По мере как я говорил, у князя изменялось лицо с игривого на очень грустное.
- Mon pauvre enfant! Я всегда был убежден, что в твоем детстве было очень много несчастных дней.
- Не беспокойтесь, пожалуйста.
- Но ты был один, ты сам говорил мне, и хоть бы этот Lambert; ты это так очертил: эта канарейка, эта конфирмация со слезами на груди и потом, через какой-нибудь год, он о своей матери с аббатом... О mon cher, этот детский вопрос в наше время просто страшен: покамест эти золотые головки, с кудрями и с невинностью, в первом детстве, порхают перед тобой и смотрят на тебя, с их светлым смехом и светлыми глазками, - то точно ангелы божии или прелестные птички; а потом... а потом случается, что лучше бы они и не вырастали совсем!

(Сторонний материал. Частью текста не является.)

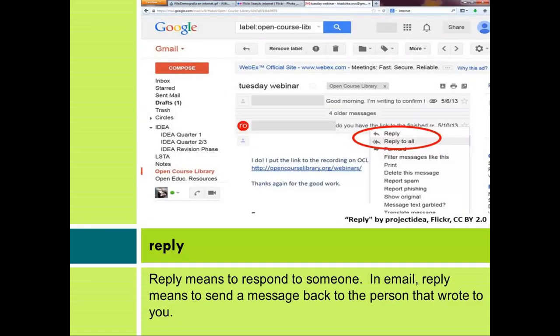Reply. Reply means to respond to someone. In email, reply means to send a message back to the person that wrote to you.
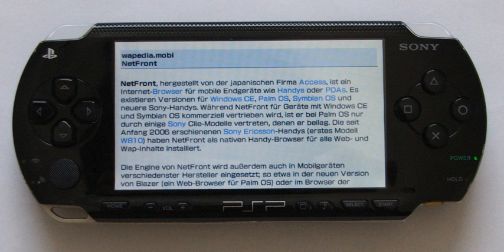Sony put significant effort into blocking custom firmware and other third-party devices and content from their PSP consoles, but their effort was not quite successful for the PSP. In July 2007, Dark_Alex officially stopped his work on the PSP, citing perceived problems with Sony as one of the reasons for his departure, but other custom firmware continued to be developed or updated. However, this would be very different for its successor, the PlayStation Vita. Unlike the PSP, there is currently no native CFW for the PS Vita.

- Какой вы, князь, расслабленный! И точно у вас у самих дети. Ведь у вас нет детей и никогда не будет.
- Tiens! - мгновенно изменилось все лицо его, - как раз Александра Петровна, - третьего дня, хе-хе! - Александра Петровна Синицкая, - ты, кажется, ее должен был здесь встретить недели три тому, - представь, она третьего дня вдруг мне, на мое веселое замечание, что если я теперь женюсь, то по крайней мере могу быть спокоен, что не будет детей, - вдруг она мне и даже с этакою злостью: "Напротив, у вас-то и будут, у таких-то, как вы, и бывают непременно, с первого даже года пойдут, увидите". Хе-хе! И все почему-то вообразили, что я вдруг женюсь; но хоть и злобно сказано, а согласись - остроумно.
- Остроумно, да обидно.
- Ну, cher enfant, не от всякого можно обидеться. Я ценю больше всего в людях остроумие, которое видимо исчезает, а что там Александра Петровна скажет - разве может считаться?
- Как, как вы сказали? - привязался я, - не от всякого можно... именно так! Не всякий стоит, чтобы на него обращать внимание, - превосходное правило! Именно я в нем нуждаюсь. Я это запишу. Вы, князь, говорите иногда премилые вещи.
Он так весь и просиял.
- N'est-ce pas? Cher enfant, истинное остроумие исчезает, чем дальше, тем пуще. Eh, mais... C'est moi qui connaоt les femmes! Поверь, жизнь всякой женщины, что бы она там ни проповедовала, это - вечное искание, кому бы подчиниться... так сказать, жажда подчиниться. И заметь себе - без единого исключения.
- Совершенно верно, великолепно! - вскричал я в восхищении. В другое время мы бы тотчас же пустились в философские размышления на эту тему, на целый час, но вдруг меня как будто что-то укусило, и я весь покраснел. Мне представилось, что я, похвалами его бонмо, (3) подлещаюсь к нему перед деньгами и что он непременно это подумает, когда я начну просить. Я нарочно упоминаю теперь об этом.
- Князь, я вас покорнейше прошу выдать мне сейчас же должные мне вами пятьдесят рублей за этот месяц, - выпалил я залпом и раздражительно до грубости.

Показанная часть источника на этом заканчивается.